Why CEOs Not Just IT Leaders Need To Know About Low Code
For years, CEOs have employed technical teams to ‘take care of IT’, but these days the pace of digital transformation is growing faster than the IT team’s ability to deliver. The drive towards digital transformation is becoming more imperative for many businesses, and many business leaders are keen to accelerate its introduction.
A key focus is in the introduction of business apps to increase automation, engage more effectively with customers and to improve business processes. However, a recent survey by Deloitte highlighted that fewer than 10% of 1,400 CIOs across 70 countries believed their companies were advanced on the road to incorporating technology into their digital business strategies. More than half admitted they had not started.
Gartner expects demand for Enterprise Mobile Apps to outstrip available development capacity by five to one, so if they want to achieve their goals CEOs need to find other solutions. Could app development platforms hold the answer?
The overall low-code development platform market size is expected to grow from USD4.32 Billion in 2017 to USD 27.23 Billion by 2022, at a Compound Annual growth rate (CAGR) of 44.49%.

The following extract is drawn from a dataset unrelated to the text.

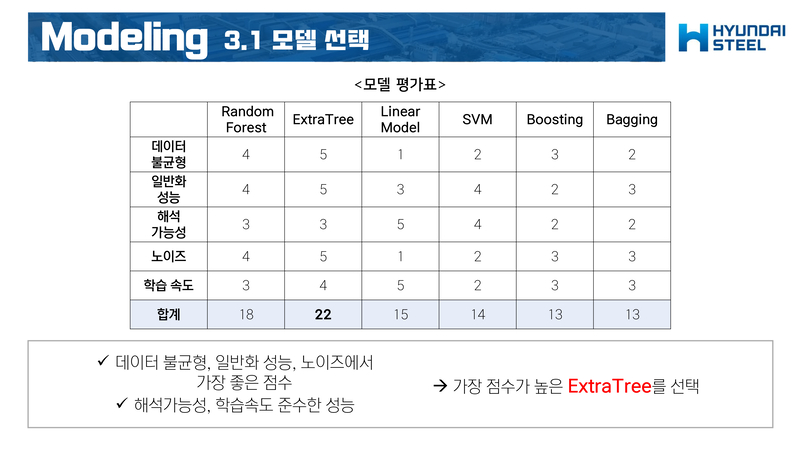 Frostiness-Prediction-Contest41 2.jpg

How low code platforms speed up digital transformation
Low code development platforms like BlueFinity’s Evoke are designed to speed up app development and enable developers and non-developers to create apps. There is introductory training for customers using the system, and this fast learning curve allows businesses to use their existing staff in the development process.
Low code platforms save time thanks to a library of actions, widgets and pre-built components, which users can employ in their app in a point and click environment, with easy to use drag-and-drop tools. In practice this allows individuals or small teams, even those with no previous development experience, to experiment, prototype, and deliver apps in days or weeks with only minimal support from the IT team.
John Rymer, Vice President, Principal Analyst, Forrester, says that low-code platforms help advance digital business in three major ways: (iii)
- They have the potential to greatly decrease the time needed to meet business requirements. Current usage indicates that these platforms can propel software development to 10 times the speed of traditional processes.
- They harness the forces of shadow IT for good, not evil. Tech-savvy business experts have long been known to take the issue into their own hands —often doing more harm than good. Low-code can harness these “rogue IT” activities by hosting them on managed platforms and adding guardrails to expand software delivery capacity.
- They tackle the key challenge in digital transformation: Automate the hundreds or thousands of operations crucial to customer experiences. Low-code platforms with strong business process features can accelerate these projects and empower the business experts (who know the data and process best) to lead.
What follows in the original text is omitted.